Kopia file-system backup issues (Velero 1.17 and later)
Data mover pods do not start or complete
Cause
For Velero 1.17 and later, Kopia spawns data mover pods from the node-agent. If a backup or restore stays in progress, the data mover pods might not start or complete.
Solution
Check the node-agent logs for errors that prevent data mover pods from starting. Verify that the cluster can pull the data mover pod image and that any pod security policies or security context constraints allow the pod to start.

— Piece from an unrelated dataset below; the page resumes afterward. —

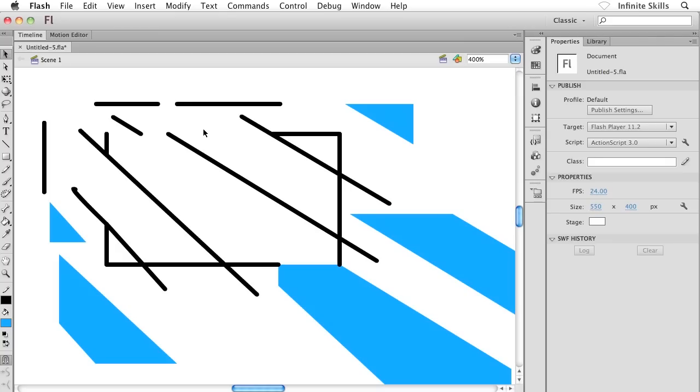And again, completely useless. I would much rather make use of something called object drawing mode, which is what I'm going to show you how to work with next.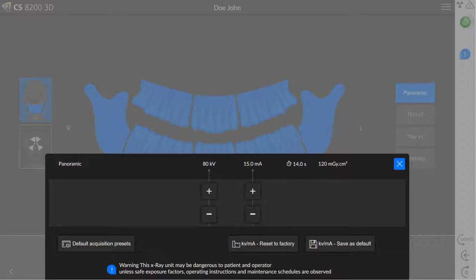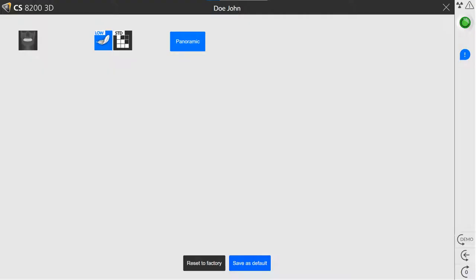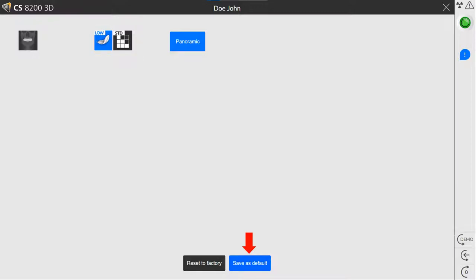If you want to set these values as the default parameters for the patient type you have selected, click KV and MA, save as default. Until these settings are changed, the selected patient type uses the KV and MA value you have selected. To reset the KV and MA back to the factory settings, click Reset to Factory. Click Default Acquisition Presets to set the imaging mode to start in Standard Dose or Low Dose mode for full panoramic exams. Click Save as default. To reset the default acquisition presets back to the factory settings, click Reset to Factory.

BackupRepository is not available
Cause
For Velero 1.17 and later, Kopia uses BackupRepository custom resources (CRs) to manage repositories. A backup or restore can fail if the BackupRepository CR is not available or is in a failed state.
Solution
Check the status of the BackupRepository CRs:
kubectl get backuprepositories -n velero
Describe any CR that is not in a Ready state to view the error:
kubectl describe backuprepository BACKUP_REPOSITORY_NAME -n velero
Common errors include invalid credentials, network connectivity issues, or problems with the underlying storage. After you resolve the issue, Velero retries the backup repository operations.
Read-only root filesystem errors
Cause
For Velero 1.17 and later, Kopia needs writable directories for cache and configuration. The default paths are /home/cnb/udmrepo and /home/cnb/.cache. If ReadOnlyRootFilesystem applies to the Velero or node-agent pods, Kopia cannot write to these directories and the backup or restore fails.
Solution
Add emptyDir volumes for /home/cnb/udmrepo and /home/cnb/.cache to the Velero deployment and the node-agent daemon set. Mount the volumes at the required paths so Kopia can write cache and configuration data.
LVP storage location is unavailable after upgrade
Cause
The Local Volume Provider (LVP) is not compatible with Kopia. If you upgrade to Velero 1.17 or later and the existing storage location uses LVP, snapshots fail because Kopia cannot write to LVP storage.
LVP backups created on Velero 1.16 and earlier are not restorable on Velero 1.17 and later. Before you upgrade, migrate to a Kopia-compatible storage destination. For more information, see Upgrade Velero for snapshots.
Solution
Before you upgrade to Velero 1.17 or later, migrate from LVP to a Kopia-compatible destination. Replicated recommends one of the following options:
- Reinstall KOTS with
--with-minio=true. - Reconfigure the storage location to use an external S3-compatible object store, such as Amazon S3, Google Cloud Storage, Azure Blob Storage, or another S3-compatible provider. Install the target Velero plugin before you reconfigure the storage location.
For more information, see Upgrade Velero for snapshots.
Snapshot restore is failing
Service NodePort is already allocated
Symptom
In the Replicated KOTS Admin Console, you see an Application failed to restore error. The error indicates that the port number for a static NodePort is already in use. For example:

View a larger version of this image
Cause
A known issue in Kubernetes versions earlier than version 1.19 can cause static NodePort services to collide in multi-primary high availability setups. This collision occurs when recreating the services. For more information about this known issue, see https://github.com/kubernetes/kubernetes/issues/85894.
Solution
Kubernetes version 1.19 fixes this issue. To resolve this issue, upgrade to Kubernetes version 1.19 or later.
For more information about the fix, see https://github.com/kubernetes/kubernetes/pull/89937.
Partial snapshot restore finishes with warnings
Symptom
In the Admin Console, when the partial snapshot restore completes, you see warnings indicating that Velero did not restore Endpoint resources:

Cause
Velero changed the resource restore priority in 1.10.3 and 1.11.0, which leads to this warning when restoring Endpoint resources. For more information about this issue, see the issue details in GitHub.
Solution
These warnings do not necessarily mean that the restore itself failed. The endpoints likely exist because Kubernetes creates them when the restore process restores the related Service resources. However, to prevent encountering these warnings, use Velero version 1.11.1 or later.